The Prospect of Precision

 As the Victorian State election weekend approaches, it has become obvious that it is not practical to await the finalisation of the US midterm results in New York's 22nd and 27th, Utah's 4th and Georgia's 7th districts, and it will be a week until the special election for Mississippi Senator holds its run-off vote.

Therefore, this week will be dedicating two posts to the Victorian election--this one, which summarises some numbers I've been playing with while waiting, and one later in the week with the normal predictions. Summaries of the Victorian and US elections will follow when permitted.

What follows are the barely coherent ramblings of an impatient amateur psephologist looking for patterns in the clouds. You have been warned.

The Numbers Game

While waiting to see if there would be time to push out a US election summary before Victorians went to the polls, I went back to this blog's roots to try to find better methods of predicting elections. Not much has come close to the simple application of polling numbers to the pendulum, but even then, some seats have swings wildly different, and even contrary, to the polled swings. The Victorian Electoral Commission has easily available data for state elections dating back to at least 1999. Using this data, can we work out which seats will have greater swings than others?

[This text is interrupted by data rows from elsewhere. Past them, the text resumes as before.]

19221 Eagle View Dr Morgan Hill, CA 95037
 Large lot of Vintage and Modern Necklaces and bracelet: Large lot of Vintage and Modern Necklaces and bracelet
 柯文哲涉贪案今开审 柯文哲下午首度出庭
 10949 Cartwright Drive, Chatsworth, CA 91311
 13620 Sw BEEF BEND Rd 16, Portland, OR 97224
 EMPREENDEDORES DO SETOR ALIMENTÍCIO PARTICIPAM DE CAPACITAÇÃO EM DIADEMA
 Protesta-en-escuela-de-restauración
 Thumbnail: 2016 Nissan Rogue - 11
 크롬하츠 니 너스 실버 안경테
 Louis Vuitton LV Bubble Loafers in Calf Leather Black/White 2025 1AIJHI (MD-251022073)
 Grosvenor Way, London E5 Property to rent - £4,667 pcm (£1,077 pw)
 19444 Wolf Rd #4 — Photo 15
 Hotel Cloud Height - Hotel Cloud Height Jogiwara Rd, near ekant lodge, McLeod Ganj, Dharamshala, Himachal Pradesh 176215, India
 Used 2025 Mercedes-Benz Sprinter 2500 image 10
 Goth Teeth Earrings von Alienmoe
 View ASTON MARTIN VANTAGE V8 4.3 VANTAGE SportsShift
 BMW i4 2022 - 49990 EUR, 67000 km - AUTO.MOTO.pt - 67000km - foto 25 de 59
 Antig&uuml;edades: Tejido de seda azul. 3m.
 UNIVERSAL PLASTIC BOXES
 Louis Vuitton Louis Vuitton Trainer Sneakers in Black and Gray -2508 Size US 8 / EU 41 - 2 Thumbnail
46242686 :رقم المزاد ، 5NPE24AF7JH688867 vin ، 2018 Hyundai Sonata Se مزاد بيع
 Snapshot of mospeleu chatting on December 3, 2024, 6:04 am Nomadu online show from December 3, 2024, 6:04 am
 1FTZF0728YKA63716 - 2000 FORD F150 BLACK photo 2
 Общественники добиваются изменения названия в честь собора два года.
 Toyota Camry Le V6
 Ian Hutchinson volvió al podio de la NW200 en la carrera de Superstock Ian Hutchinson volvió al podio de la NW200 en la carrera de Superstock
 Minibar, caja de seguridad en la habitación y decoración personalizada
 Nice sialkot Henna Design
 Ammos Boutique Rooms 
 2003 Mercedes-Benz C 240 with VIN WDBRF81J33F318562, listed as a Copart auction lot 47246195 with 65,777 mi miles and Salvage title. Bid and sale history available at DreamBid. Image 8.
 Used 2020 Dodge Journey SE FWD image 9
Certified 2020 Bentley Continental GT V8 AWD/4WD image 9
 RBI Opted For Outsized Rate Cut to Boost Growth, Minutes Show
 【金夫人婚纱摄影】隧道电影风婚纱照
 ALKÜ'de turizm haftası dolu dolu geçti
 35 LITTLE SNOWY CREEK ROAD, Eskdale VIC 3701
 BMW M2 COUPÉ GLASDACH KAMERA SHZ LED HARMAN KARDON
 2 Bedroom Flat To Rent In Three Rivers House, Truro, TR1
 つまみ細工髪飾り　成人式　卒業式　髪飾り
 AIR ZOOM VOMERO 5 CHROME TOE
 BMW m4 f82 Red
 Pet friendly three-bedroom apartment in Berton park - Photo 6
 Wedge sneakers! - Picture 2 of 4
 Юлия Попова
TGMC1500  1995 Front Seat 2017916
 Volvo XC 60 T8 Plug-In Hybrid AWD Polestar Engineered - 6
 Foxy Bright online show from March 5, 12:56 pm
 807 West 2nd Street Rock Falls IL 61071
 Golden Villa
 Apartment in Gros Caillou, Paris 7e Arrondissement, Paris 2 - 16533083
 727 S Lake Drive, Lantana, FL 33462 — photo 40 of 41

The obvious first test is to see if certain seats are simply more volatile than others. This is something I have tried before without success. Intuitively it makes sense that some seats (say a stereotypically conservative, Liberal-voting rural seat) will have many "rusted on" voters, others will have far fewer, and that the magnitude of swings will vary proportionally with the number of rust-free voters. Once again, the data does not seem to support this.

This table shows the number of voters on a two-party preferred basis* and calculates the margin as [ALP/(ALP + Coalition) - 50%] so that the more positive, the larger the margin for Labor and the more negative, the larger the margin for the Coalition. The swing is then calculated for each seat as [the subsequent margin - the previous margin].

Next, we took each swing as a proportion of the state-wide swing. If there was such a thing as a more volatile seat subject to greater swings, this number should come out consistently greater than 1, with less volatile seats consistently below 1 and contrarian seats (i.e. seats that swing in the opposite direction to the state) below 0. The results were...

erratic.

Interestingly, though, some semblance of a pattern did emerge when considering only seats that had always been ALP- or Coalition-held:

In reliable ALP seats the 99-02 and 06-10 swings were generally larger than average (median 1.17× and 1.03× the state-wide swing respectively) and noticeably lower in 02-06 and 10-14 (0.74× and 0.75× state-wide). The reverse is true in consistently Liberal seats (0.74× in 99-02 and 0.88× in 06-10; 1.53× and 1.56 in 02-06× and 10-14).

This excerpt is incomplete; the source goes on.